**INPUT FOR THIS TASK:**
____

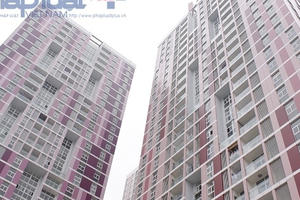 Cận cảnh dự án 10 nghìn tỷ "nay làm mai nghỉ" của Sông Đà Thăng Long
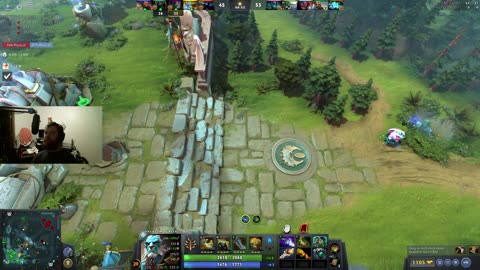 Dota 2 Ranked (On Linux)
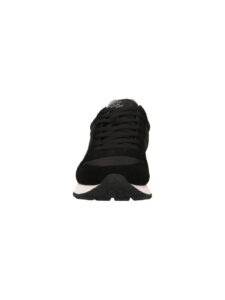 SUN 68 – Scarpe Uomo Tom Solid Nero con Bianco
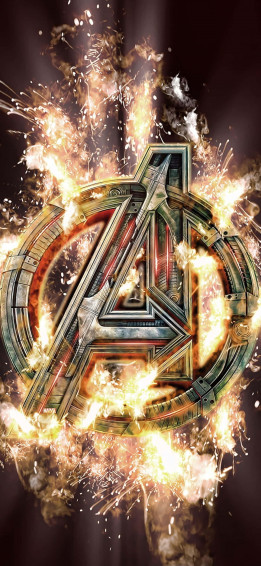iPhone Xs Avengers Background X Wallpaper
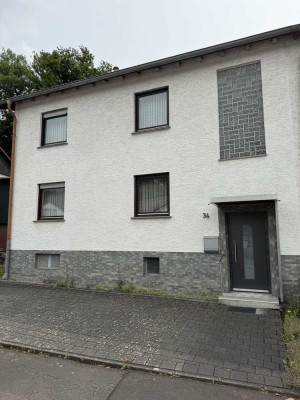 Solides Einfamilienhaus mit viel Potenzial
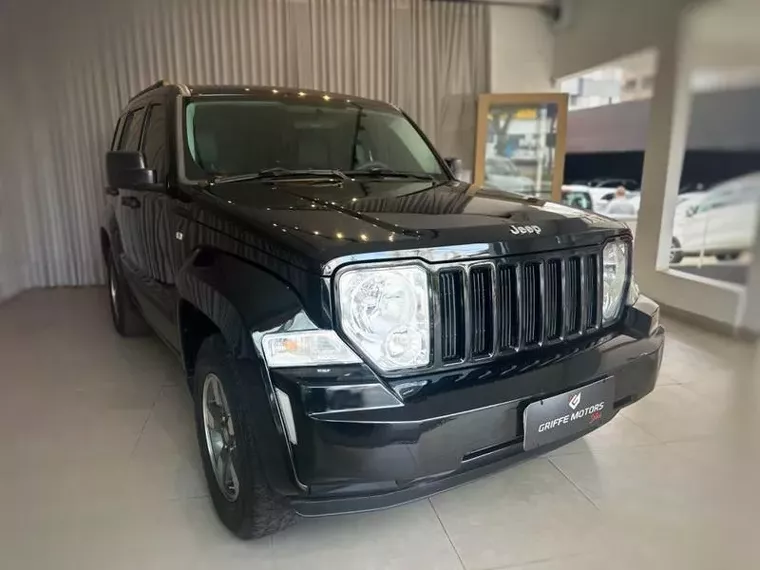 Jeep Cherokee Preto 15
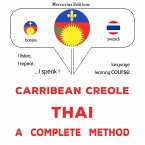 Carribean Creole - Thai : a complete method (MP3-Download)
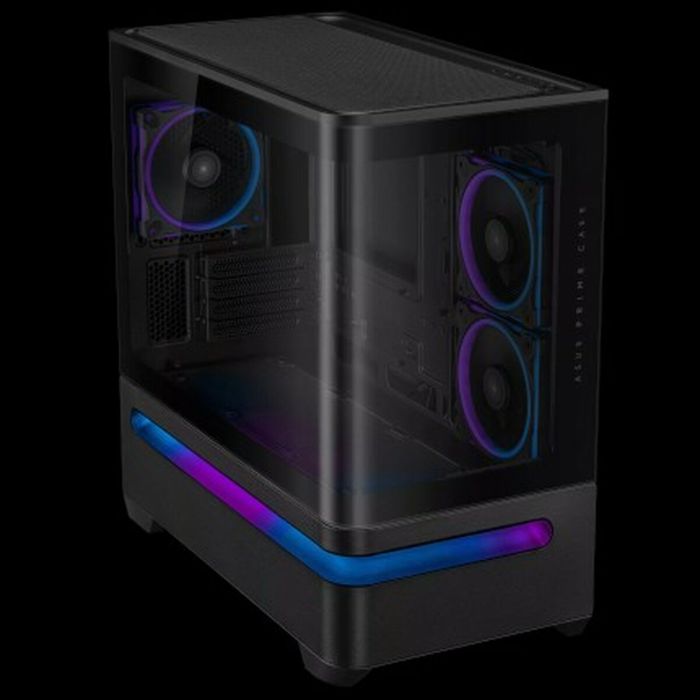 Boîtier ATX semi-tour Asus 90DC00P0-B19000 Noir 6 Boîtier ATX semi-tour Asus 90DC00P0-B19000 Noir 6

____

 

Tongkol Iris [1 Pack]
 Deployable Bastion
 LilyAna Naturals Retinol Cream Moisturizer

____

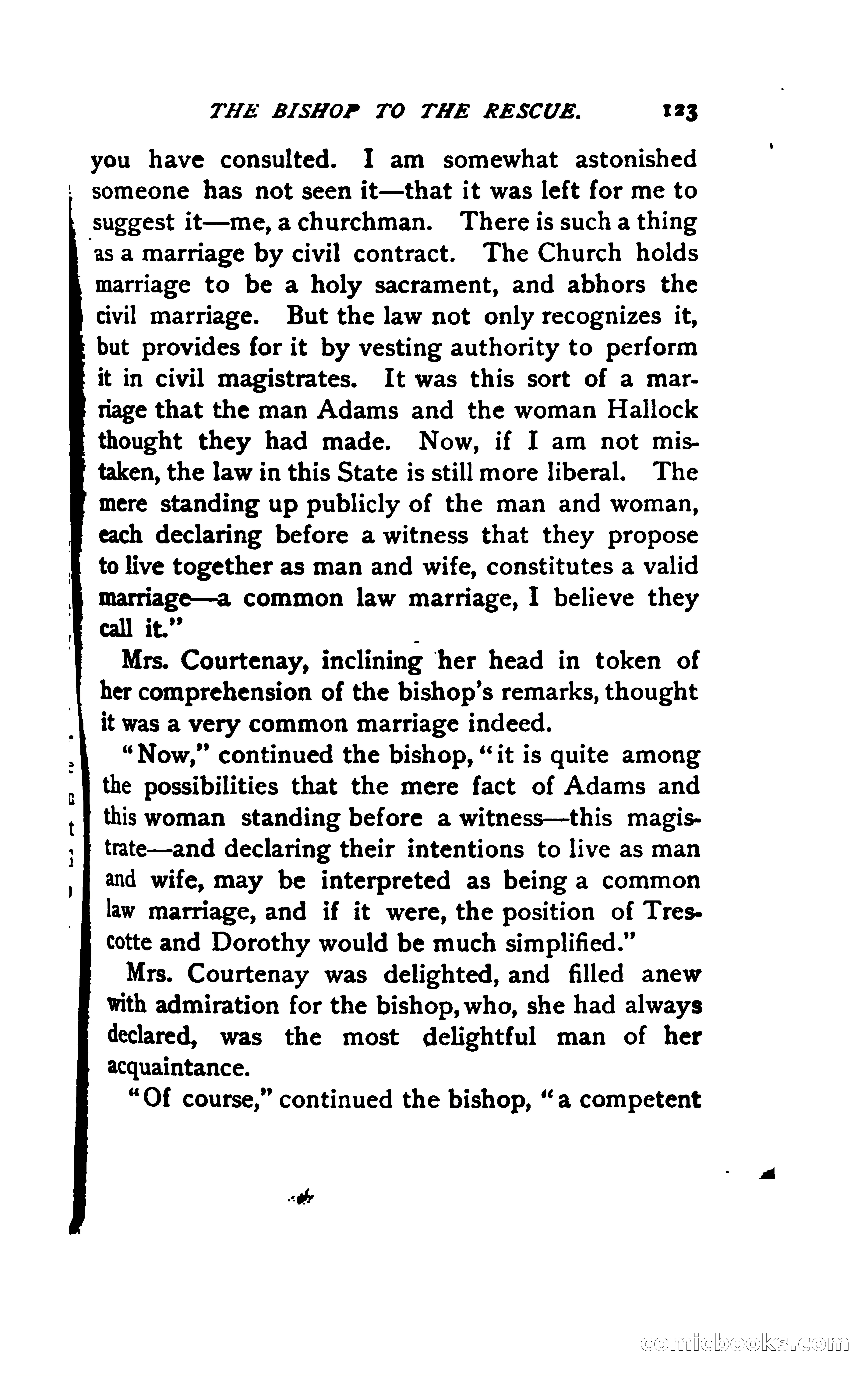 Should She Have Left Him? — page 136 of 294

____

**WORK REQUIRED:** For this exercise, set down the lines in the entries above from the one with "Jeep Cherokee Preto 15" through the one with "Boîtier ATX semi-tour Asus 90DC00P0-B19000 Noir 6 Boîtier" exactly as written, without any pictures.

**WORKED SOLUTION:**
 Jeep Cherokee Preto 15
 Carribean Creole - Thai : a complete method (MP3-Download)
 Boîtier ATX semi-tour Asus 90DC00P0-B19000 Noir 6 Boîtier ATX semi-tour Asus 90DC00P0-B19000 Noir 6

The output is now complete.